MATERIAL FOR THIS TASK Block Start

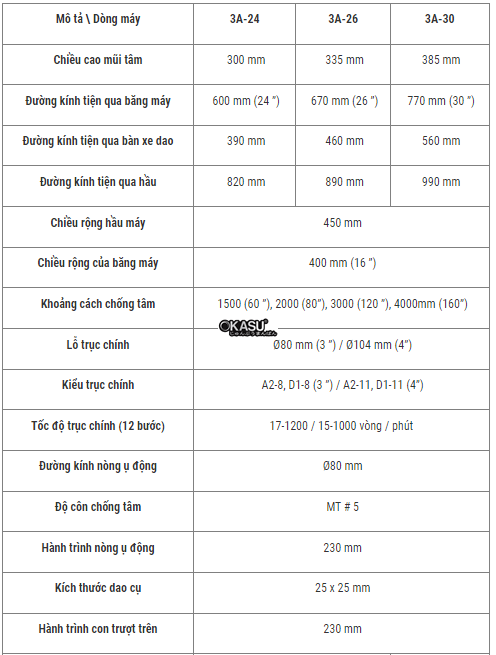 may tien van nang hang nang 3a-24 hinh 0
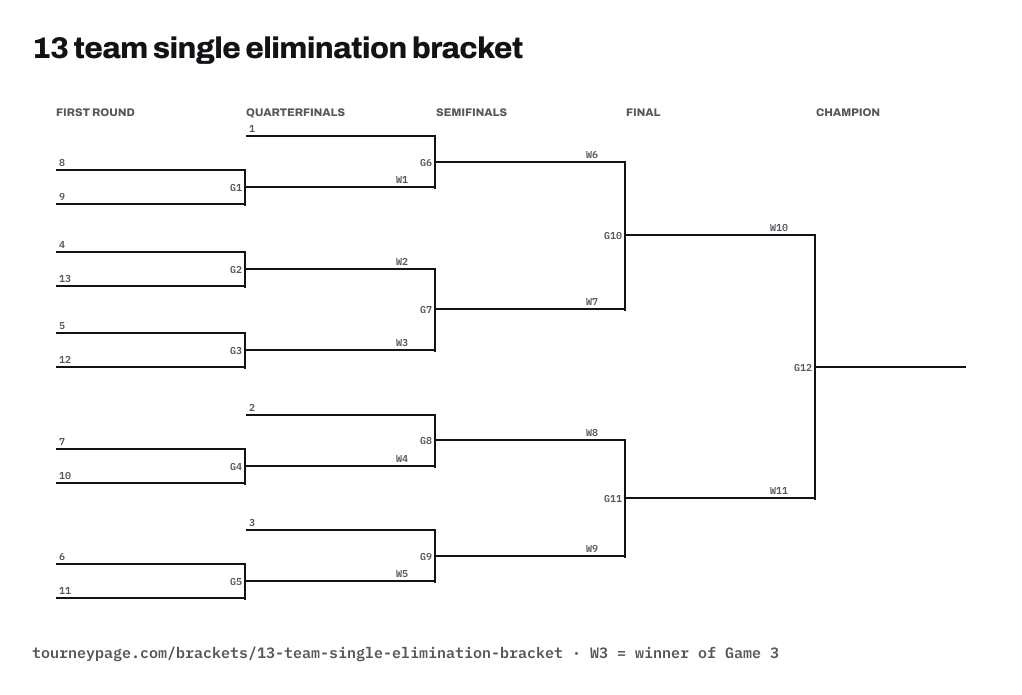 13 team single elimination bracket drawn as lines, with every game numbered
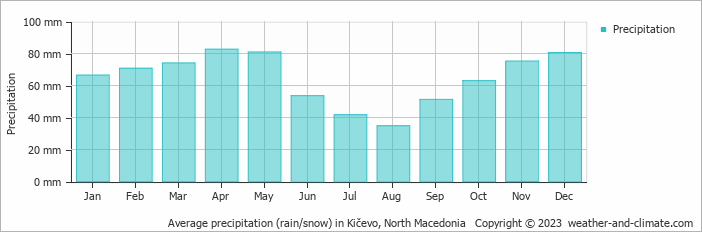 Average monthly rainfall, snow, precipitation in Kičevo, 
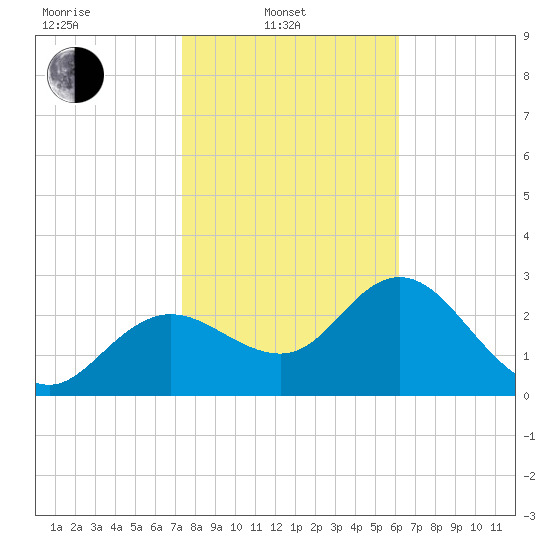 Suwannee River (Entrance) tide chart for Friday, February 2, 2024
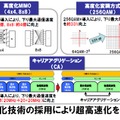 さまざまな高速化技術を採用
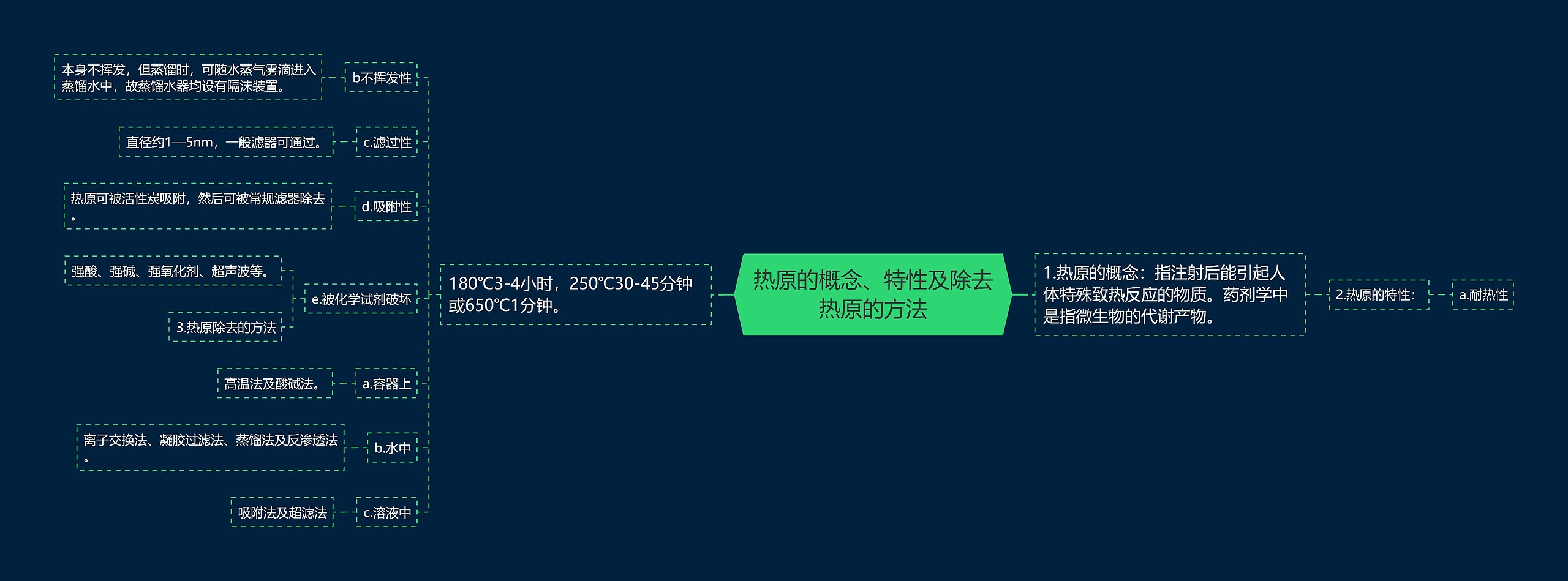 热原的概念、特性及除去热原的方法思维导图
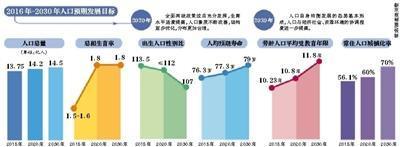 我国劳动年龄人口比例在多少年达�%_中国劳动力人口平均年龄达38.4岁,东北三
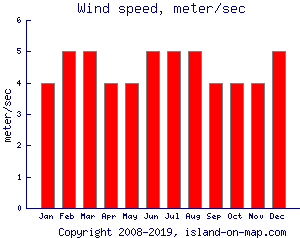 Kiritimati Island Christmas Island Kiribati Ultimate Guide October 2021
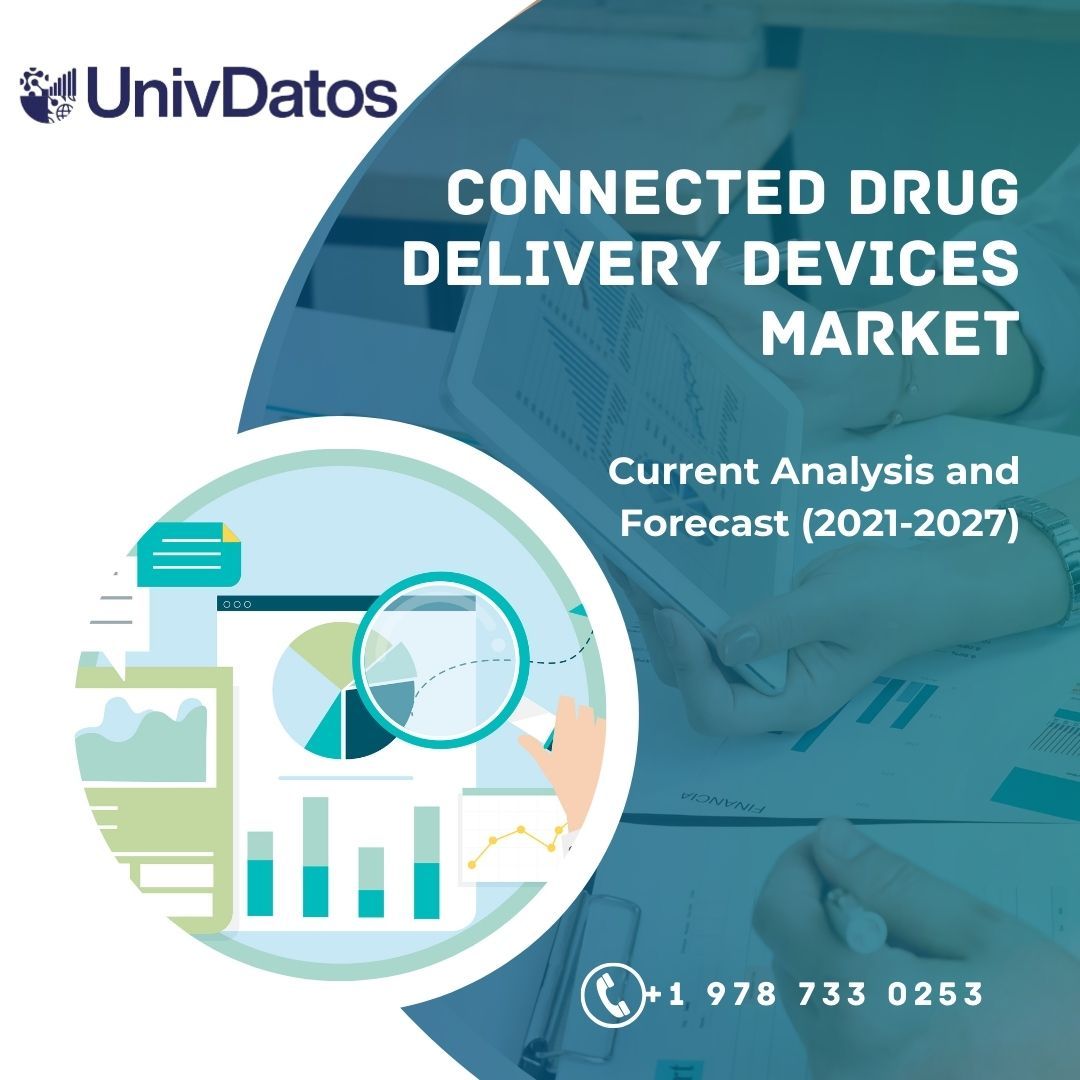 Connected Drug Delivery Devices Market Report, Share & Size, Analysis 2021-2027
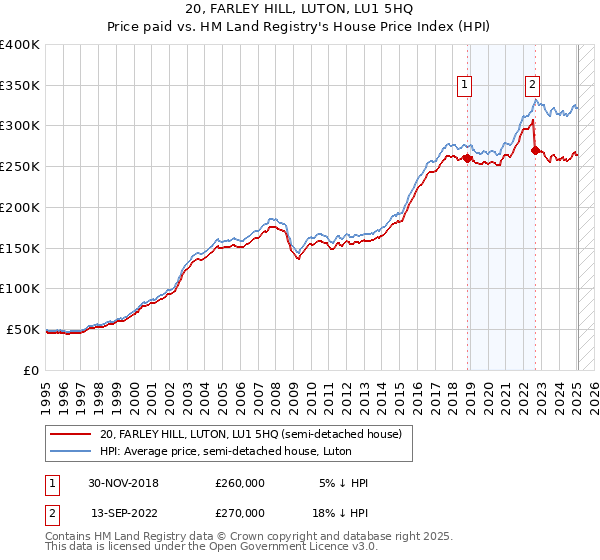 20, FARLEY HILL, LUTON, LU1 5HQ: Price paid vs HM Land Registry's House Price Index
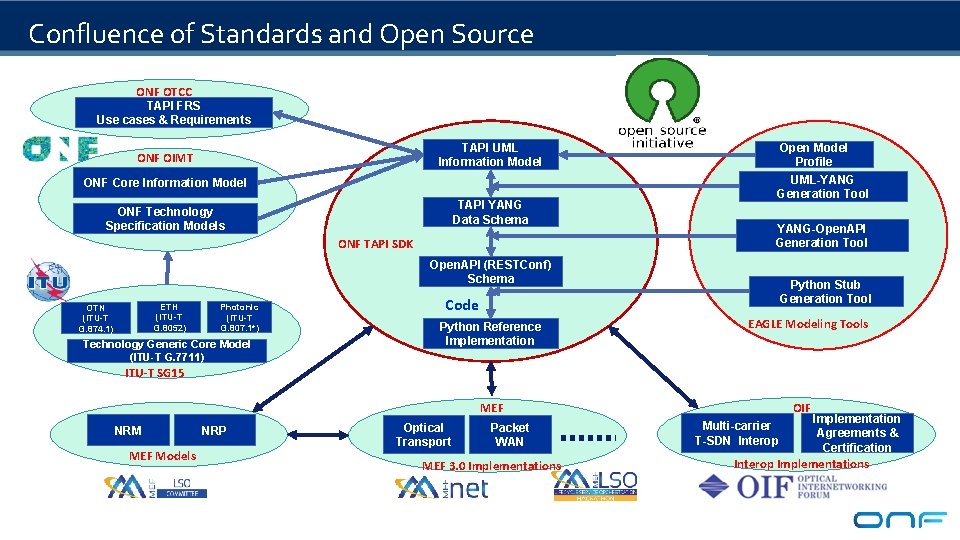 Confluence of Standards and Open Source ONF OTCC TAPI FRS Use cases & Requirements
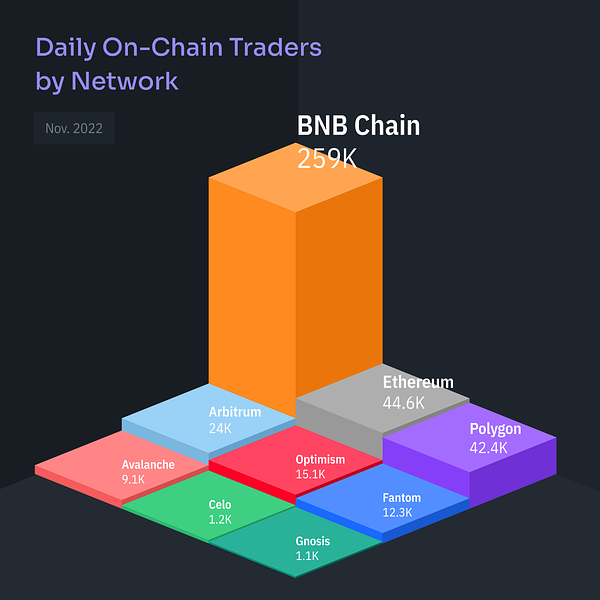 How does daily on-chain trading look like in turbulent times? 👀 
BNB 
Ethereum 
Polygon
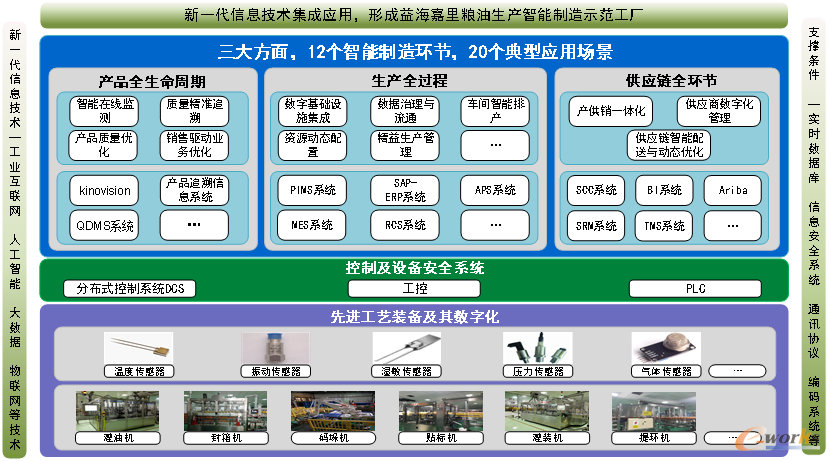 图3 益海嘉里粮油生产智能制造示范工厂架构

MATERIAL FOR THIS TASK Block End

Output the records above exactly; leave out the pictures.

» **RESULT OF THE EXERCISE**
 may tien van nang hang nang 3a-24 hinh 0
 13 team single elimination bracket drawn as lines, with every game numbered
 Average monthly rainfall, snow, precipitation in Kičevo, 
 Suwannee River (Entrance) tide chart for Friday, February 2, 2024
 さまざまな高速化技術を採用
 热原的概念、特性及除去热原的方法思维导图
 我国劳动年龄人口比例在多少年达�%_中国劳动力人口平均年龄达38.4岁,东北三
 Kiritimati Island Christmas Island Kiribati Ultimate Guide October 2021
 Connected Drug Delivery Devices Market Report, Share & Size, Analysis 2021-2027
 20, FARLEY HILL, LUTON, LU1 5HQ: Price paid vs HM Land Registry's House Price Index
 Confluence of Standards and Open Source ONF OTCC TAPI FRS Use cases & Requirements
 How does daily on-chain trading look like in turbulent times? 👀 
BNB 
Ethereum 
Polygon
 图3 益海嘉里粮油生产智能制造示范工厂架构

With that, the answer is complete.